**TASK TO CARRY OUT:** Without changing a thing, reproduce the entire listing and leave out its pictures.

**SOURCE MATERIAL:**

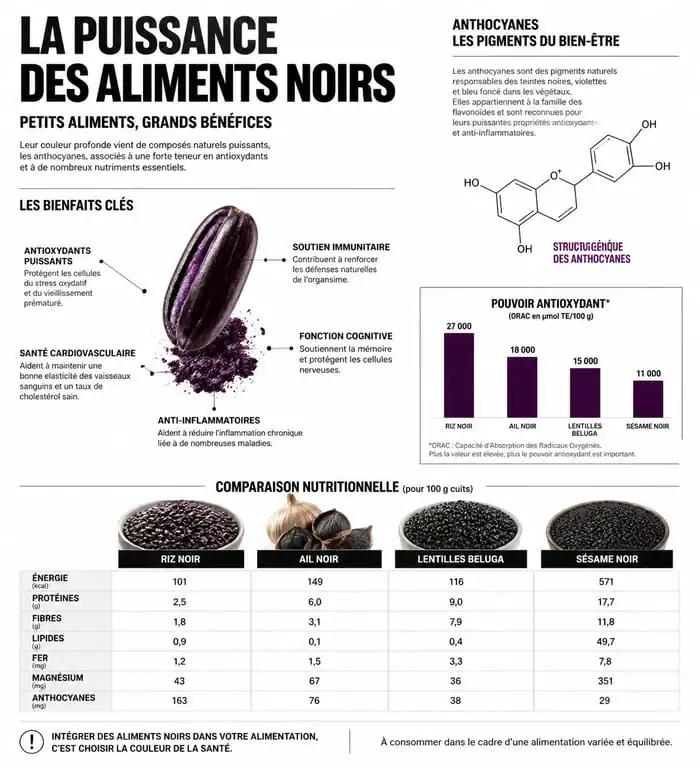 Infographie des bienfaits nutritionnels et antioxydants des aliments noirs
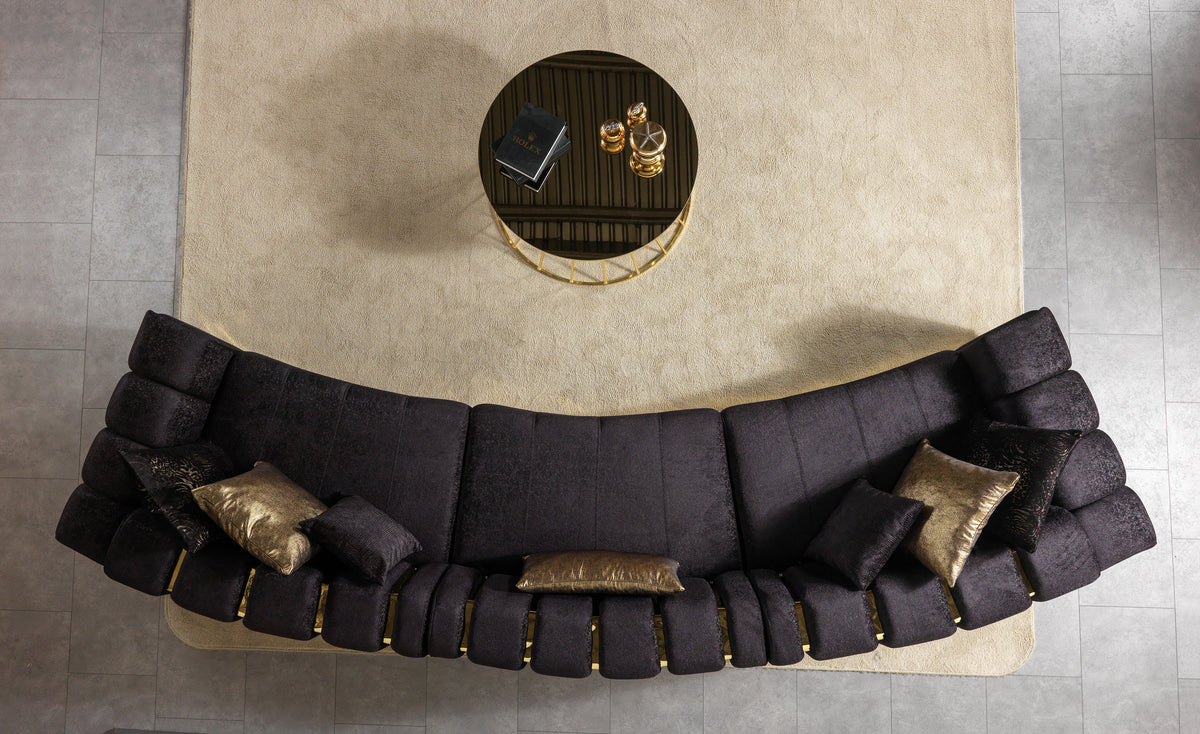 Anne Black Velvet 3-Piece Curved 165" Sectional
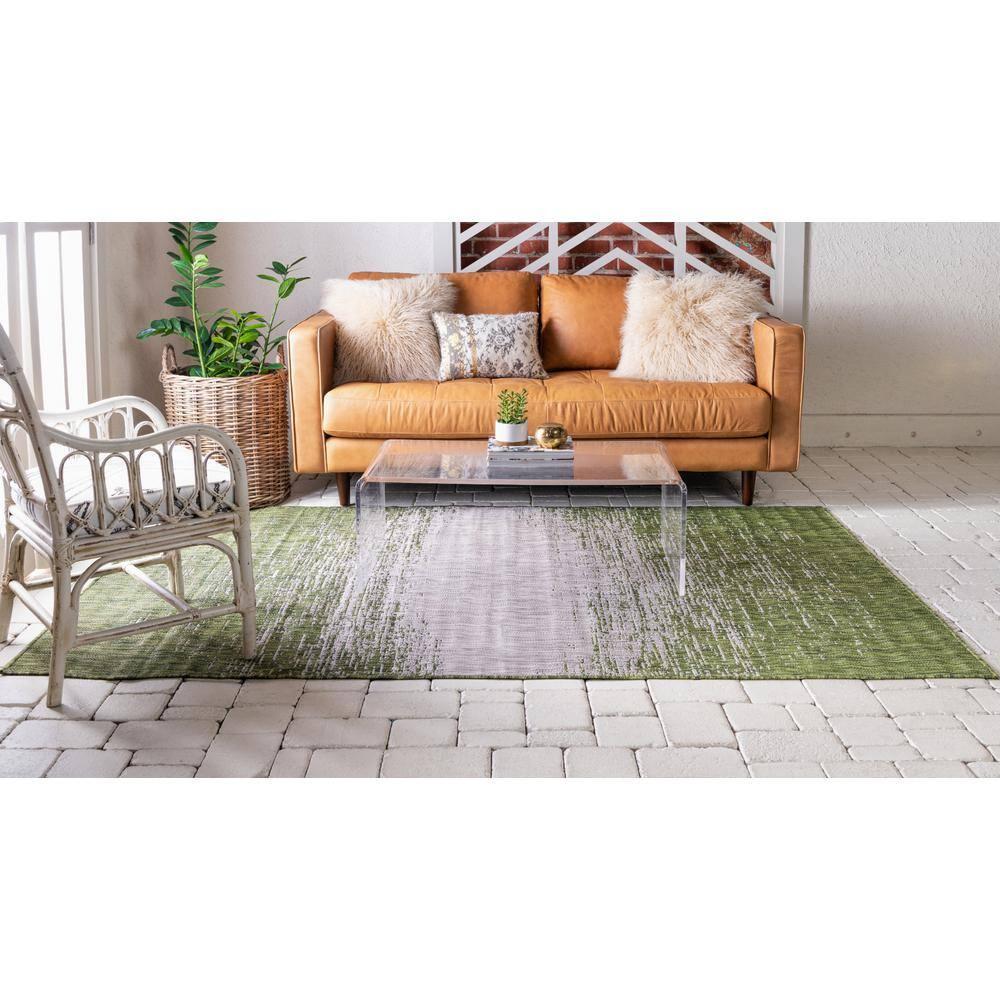 Unique Loom 9' 0 x 12' 2 Rectangle Indoor/Outdoor Modern Green Area Rug
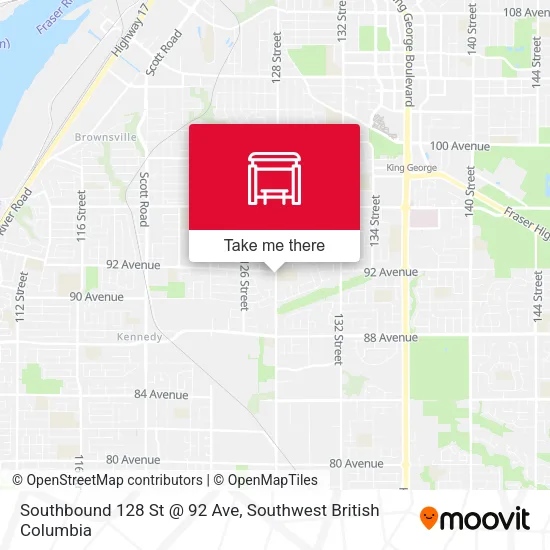 Southbound 128 St @ 92 Ave map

**RESULT OF THE TASK:**
 Infographie des bienfaits nutritionnels et antioxydants des aliments noirs
 Anne Black Velvet 3-Piece Curved 165" Sectional
 Unique Loom 9' 0 x 12' 2 Rectangle Indoor/Outdoor Modern Green Area Rug
 Southbound 128 St @ 92 Ave map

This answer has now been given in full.